By Jon B. Johansen Maine Coastal News
ROCKLAND – For the last several years, I cannot believe that it has actually been ten, there was this little wooden tug boat, CADET, being restored by Captain John Foss at the Northend Shipyard in Rockland. Well, on the Saturday following Thanksgiving many of us were on hand to see this beautiful little craft hit the water. When she arrived she needed more than a little TLC, but Captain Foss and his workforce of assistants, usually two a winter, did a splendid job restoring her. She now looks as good as new.

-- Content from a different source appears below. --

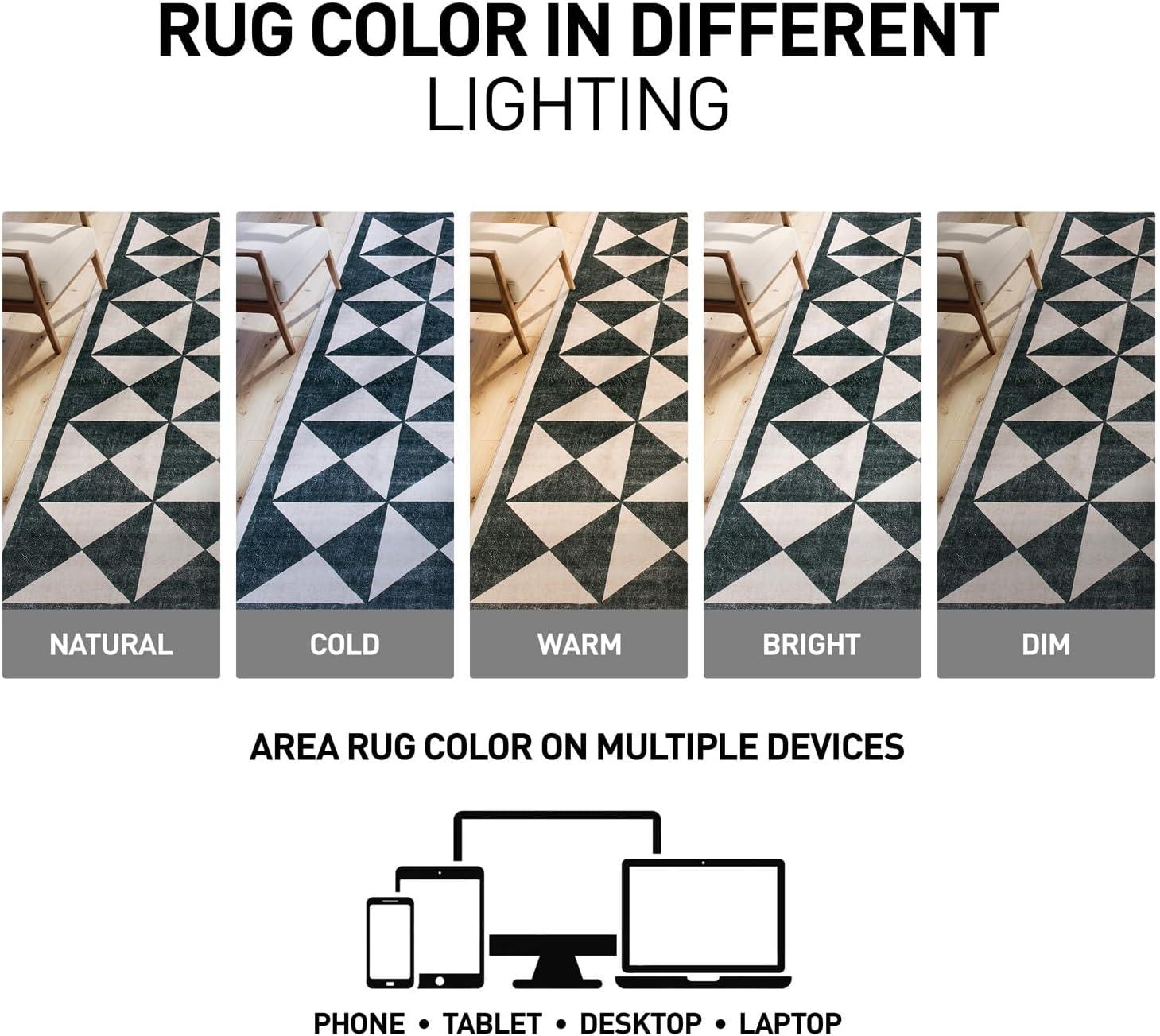 imageRugshop Geometric Diamond Washable Non Slip Area Rug 5 x 7 CreamCream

When I asked Captain Foss how he got involved in this project his response was, “It was a really bad idea. The most expensive boat is the cheapest one you buy. Anyway, I had been to the Carriage House Restaurant in East Boothbay a couple of times with some friends. The owner of the place was concerned that East Boothbay was going to institute zoning and he was concerned that his property might not be as salable if he didn’t diversify. So, he started the Perch Island Yacht Club and their motto was “you store them, we ignore them.” It consisted of an assortment of about a half a dozen old lobster boats, cabin cruisers and this one very neglected little tug boat. First, I thought she was a boom jumper from Moosehead, even though it is wood. She was really old, been used hard, and in very rough shape. I took some pictures and was going to send them to WoodenBoat to put on their orphan page. My wife looked at these pictures and said ‘you don’t really do much in the winter and you’ve got that shop full of tools, you’ve got piles of lumber everywhere. You fix that thing up and I’d go cruising with you.’ So we approached the owner and he was happy to exchange the ownership of the CADET for a dollar and my wife overhauled his mahogany runabout.” Captain Foss admires boats with a
history. He looked up her documention number and found that she was built in Kennebunkport in the 1930s. Further research revealed that she had been built by B. Warner, who built a number of small
work boats. Captain Foss added, “CADET had had a noble berth. The Army Corps of Engineers specified quite a bit on that boat because it would not be normal workboat style. My friend Captain Woodman, of the schooner ELEANOR out of Kennebunkport, came up with two sheets of old blueprints out of what had apparently been originally three sheets from the Army Corps of Engineers. It was a tug launch, a design the Corps of Engineers came up with in Washington in 1928. Some of the specifications were longleaf yellow pine planking, white oak backbone and framing, copper riveted and bronze fastened and bronze rudder. In the Merchant Vessel registers she was homeported in Boston. If you look in the registers in the late 30s there is a couple of these 40 footers in different places, built at different times, different dimensions, and any major port in the U. S. had a couple of them. What they were used for I am not really sure. At that time I think the Corps of Engineers did all of their own dredging and she may have just been a dredge tender. The fact that she was intended for harbor use, doesn’t have much free board,the a day boat, would suggest that maybe that is what she was used for. The Army Corps of Engineers has no records. They don’t have copies of the blueprints, they don’t have any photographs, they have no documentation on the boat at all. Going through the document records she apparently was owned in Portland by Ellis Snodgrass, who was quite a big marine contractor. He did all kinds of projects. He died in about 1967 with his office keys in his pocket and the plans for all of his impending projects in his head. One of the people in his organization got one of the Cianchette brothers to come down and take over the office. CIANBRO bought the assets of Snodgrass shortly thereafter including their two tugs, CADET, and the FANNIE J. FANNIE J., built in 1874, was their offshore tug and CADET was their inshore tug. CIANBRO sold the CADET to Gibson, a contractor, in the ‘80s. The last time she was used must have been in Portland in the late ‘80s. The propeller that was on her had
The before photograph of the tug CADET as she was when she arrived at Northend Shipyard in 2001.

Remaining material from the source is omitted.